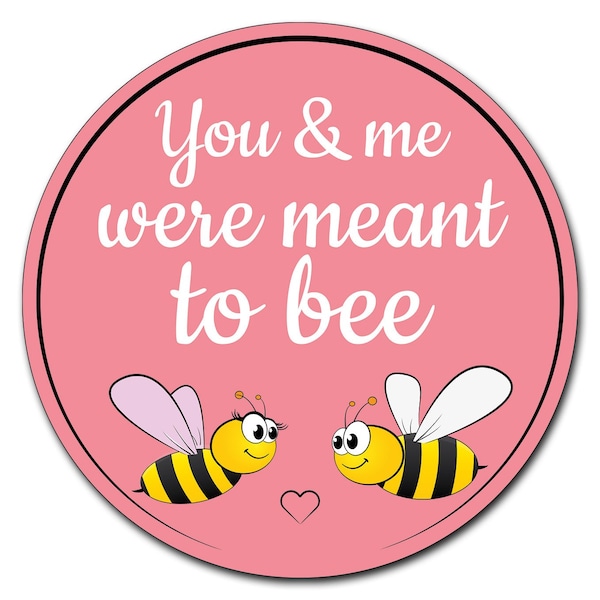 Signmission You And Me Were Meant To Bee Circle Corrugated Plastic Sign C-24-CIR-WS-You and me were meant to bee - main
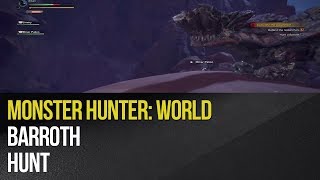 Monster Hunter: World - Barroth Hunt
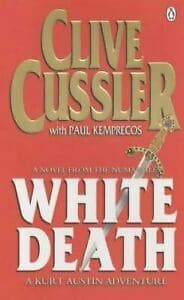 White Death by Clive Cussler, Paul Kemprecos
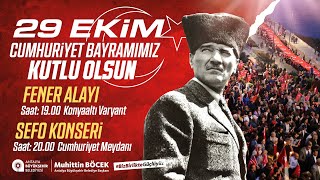 29 Ekim Cumhuriyet Bayramı ‘Sefo Konseri’ [upl. by Aelber]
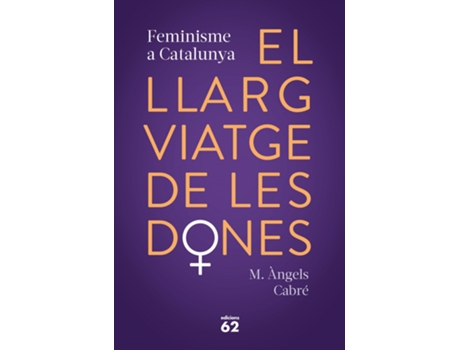Livro El Llarg Viatge De Les Dones. Feminisme A Catalunya de M. Àngels Cabré (Catalão)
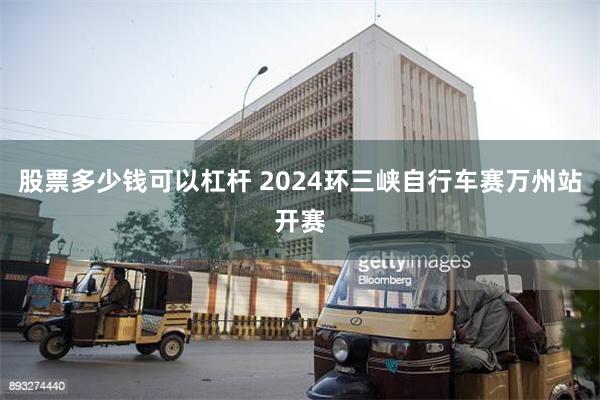 股票多少钱可以杠杆 2024环三峡自行车赛万州站开赛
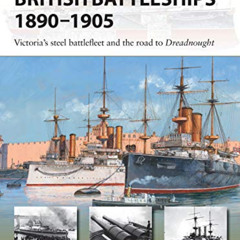 [GET] EPUB 📔 British Battleships 1890–1905: Victoria's steel battlefleet and the roa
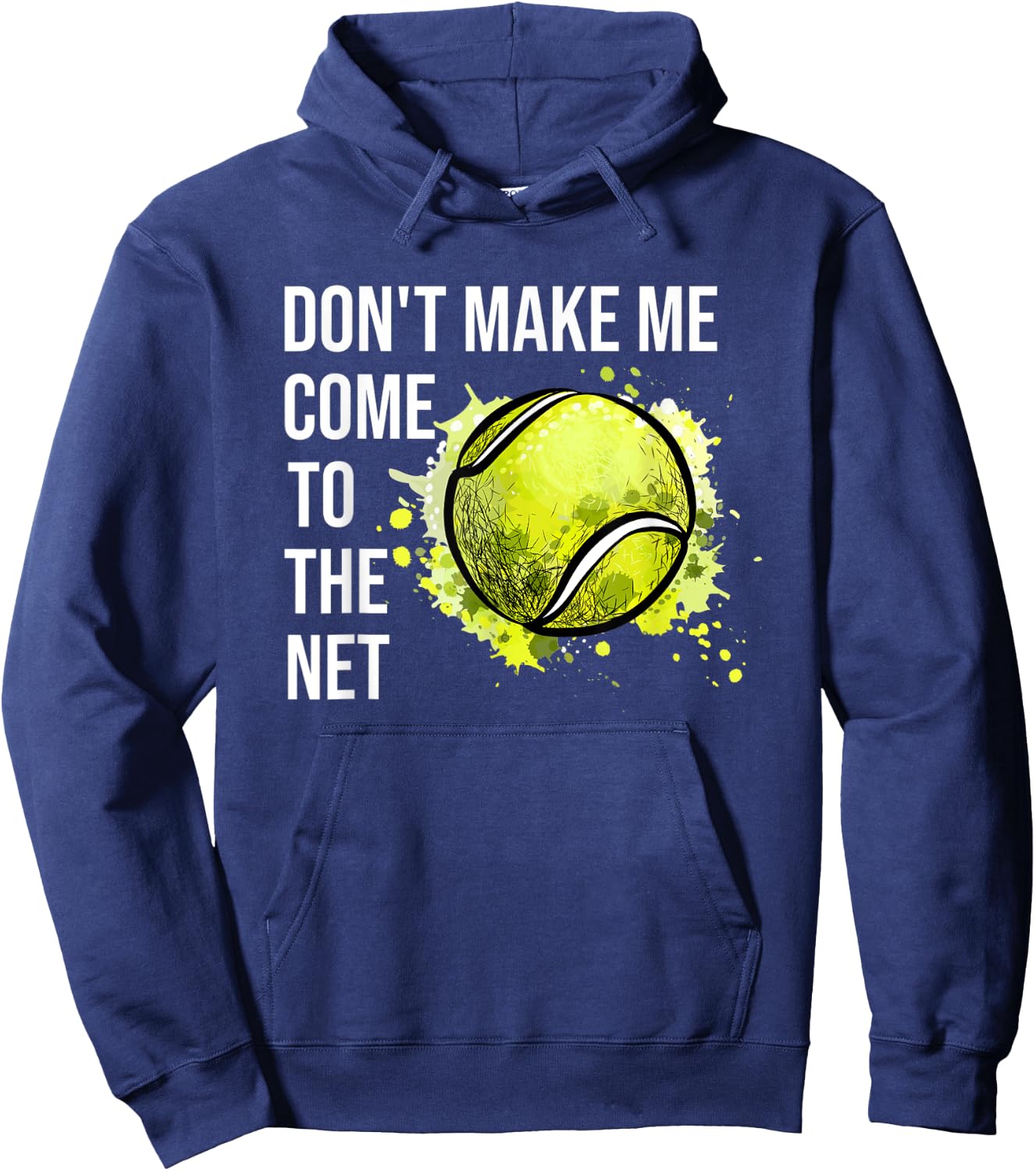 Don't Make Me Come To The Net Tennis Hoodie - Hoodie | Navy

-=-=-=-=-

_What you have to do_
Leave every picture out and print exactly the lines from the one that contains "Monster Hunter: World - Barroth Hunt" through the last line of the material above.

_Exercise output_
 Monster Hunter: World - Barroth Hunt
 White Death by Clive Cussler, Paul Kemprecos
 29 Ekim Cumhuriyet Bayramı ‘Sefo Konseri’ [upl. by Aelber]
Livro El Llarg Viatge De Les Dones. Feminisme A Catalunya de M. Àngels Cabré (Catalão)
 股票多少钱可以杠杆 2024环三峡自行车赛万州站开赛
 [GET] EPUB 📔 British Battleships 1890–1905: Victoria's steel battlefleet and the roa
 Don't Make Me Come To The Net Tennis Hoodie - Hoodie | Navy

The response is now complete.